Get recent execution records.

Parameters:

Name Type Description Default
limit int

Maximum number of records to return.

20
workspace_hash str | None

Optional filter by workspace.

None

Returns:

Type Description
list[ExecutionRecord]

List of ExecutionRecord objects.

Source code in src/marianne/learning/store/executions.py
def get_recent_executions(
    self,
    limit: int = 20,
    workspace_hash: str | None = None,
) -> list[ExecutionRecord]:
    """Get recent execution records.

    Args:
        limit: Maximum number of records to return.
        workspace_hash: Optional filter by workspace.

    Returns:
        List of ExecutionRecord objects.
    """
    with self._get_connection() as conn:
        if workspace_hash:
            cursor = conn.execute(
                """
                SELECT * FROM executions
                WHERE workspace_hash = ?
                ORDER BY completed_at DESC
                LIMIT ?
                """,
                (workspace_hash, limit),
            )
        else:
            cursor = conn.execute(
                """
                SELECT * FROM executions
                ORDER BY completed_at DESC
                LIMIT ?
                """,
                (limit,),
            )

        records = []
        for row in cursor.fetchall():
            records.append(
                ExecutionRecord(
                    id=row["id"],
                    workspace_hash=row["workspace_hash"],
                    job_hash=row["job_hash"],
                    sheet_num=row[SHEET_NUM_KEY],
                    started_at=datetime.fromisoformat(row["started_at"])
                    if row["started_at"]
                    else None,
                    completed_at=datetime.fromisoformat(row["completed_at"])
                    if row["completed_at"]
                    else None,
                    duration_seconds=row["duration_seconds"] or 0.0,
                    status=row["status"] or "",
                    retry_count=row["retry_count"] or 0,
                    success_without_retry=bool(row["success_without_retry"]),
                    validation_pass_rate=row[VALIDATION_PASS_RATE_KEY] or 0.0,
                    confidence_score=row["confidence_score"] or 0.0,
                    model=row["model"],
                    error_codes=json.loads(row["error_codes"] or "[]"),
                )
            )

        return records
get_similar_executions
get_similar_executions(job_hash=None, workspace_hash=None, sheet_num=None, limit=10)

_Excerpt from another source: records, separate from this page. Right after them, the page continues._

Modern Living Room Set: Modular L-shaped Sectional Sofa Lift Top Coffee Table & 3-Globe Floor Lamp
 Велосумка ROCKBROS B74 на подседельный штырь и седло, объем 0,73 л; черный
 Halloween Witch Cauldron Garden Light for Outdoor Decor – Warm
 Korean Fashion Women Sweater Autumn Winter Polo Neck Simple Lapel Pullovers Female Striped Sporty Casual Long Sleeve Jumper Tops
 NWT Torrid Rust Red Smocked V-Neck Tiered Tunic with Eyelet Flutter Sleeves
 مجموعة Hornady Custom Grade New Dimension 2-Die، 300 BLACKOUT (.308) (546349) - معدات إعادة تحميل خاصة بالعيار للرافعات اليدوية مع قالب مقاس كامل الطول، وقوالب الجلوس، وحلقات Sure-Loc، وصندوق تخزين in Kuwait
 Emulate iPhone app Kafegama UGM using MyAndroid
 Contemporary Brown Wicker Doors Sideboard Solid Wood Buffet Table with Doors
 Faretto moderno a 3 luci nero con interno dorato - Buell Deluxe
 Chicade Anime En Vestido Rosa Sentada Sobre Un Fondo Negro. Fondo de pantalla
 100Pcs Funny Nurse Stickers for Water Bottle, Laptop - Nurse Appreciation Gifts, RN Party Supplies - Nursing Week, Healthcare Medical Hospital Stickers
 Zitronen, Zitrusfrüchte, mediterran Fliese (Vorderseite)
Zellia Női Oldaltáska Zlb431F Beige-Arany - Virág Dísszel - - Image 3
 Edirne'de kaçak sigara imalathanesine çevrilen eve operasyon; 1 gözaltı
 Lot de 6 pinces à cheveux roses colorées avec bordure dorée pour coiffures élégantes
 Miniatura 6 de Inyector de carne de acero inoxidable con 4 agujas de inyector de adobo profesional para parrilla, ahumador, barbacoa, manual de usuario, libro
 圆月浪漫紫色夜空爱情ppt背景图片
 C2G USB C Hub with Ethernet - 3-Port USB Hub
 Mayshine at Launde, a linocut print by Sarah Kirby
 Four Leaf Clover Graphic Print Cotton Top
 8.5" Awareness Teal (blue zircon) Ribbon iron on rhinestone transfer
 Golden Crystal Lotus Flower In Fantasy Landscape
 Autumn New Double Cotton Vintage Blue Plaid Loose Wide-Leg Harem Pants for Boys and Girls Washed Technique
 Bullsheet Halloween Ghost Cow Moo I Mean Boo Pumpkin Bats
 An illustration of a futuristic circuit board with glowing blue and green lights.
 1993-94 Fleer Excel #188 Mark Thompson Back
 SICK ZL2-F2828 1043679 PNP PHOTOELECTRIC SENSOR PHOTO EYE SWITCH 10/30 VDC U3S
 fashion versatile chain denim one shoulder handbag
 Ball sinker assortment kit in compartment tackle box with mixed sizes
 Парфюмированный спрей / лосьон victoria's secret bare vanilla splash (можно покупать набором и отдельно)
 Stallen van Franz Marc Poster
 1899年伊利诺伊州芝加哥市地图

Get similar historical executions for learning.

Learning Activation: Enables querying executions that are similar to the current context, supporting pattern-based decision making.

Parameters:

Name Type Description Default
job_hash str | None

Optional job hash to filter by similar jobs.

None
workspace_hash str | None

Optional workspace hash to filter by.

None
sheet_num int | None

Optional sheet number to filter by.

None
limit int

Maximum number of records to return.

10

Returns:

Type Description
list[ExecutionRecord]

List of ExecutionRecord objects matching the criteria.

Source code in src/marianne/learning/store/executions.py
def get_similar_executions(
    self,
    job_hash: str | None = None,
    workspace_hash: str | None = None,
    sheet_num: int | None = None,
    limit: int = 10,
) -> list[ExecutionRecord]:
    """Get similar historical executions for learning.

    Learning Activation: Enables querying executions that are similar to
    the current context, supporting pattern-based decision making.

    Args:
        job_hash: Optional job hash to filter by similar jobs.
        workspace_hash: Optional workspace hash to filter by.
        sheet_num: Optional sheet number to filter by.
        limit: Maximum number of records to return.

    Returns:
        List of ExecutionRecord objects matching the criteria.
    """
    with self._get_connection() as conn:
        wb = WhereBuilder()
        if job_hash is not None:
            wb.add("job_hash = ?", job_hash)
        if workspace_hash is not None:
            wb.add("workspace_hash = ?", workspace_hash)
        if sheet_num is not None:
            wb.add("sheet_num = ?", sheet_num)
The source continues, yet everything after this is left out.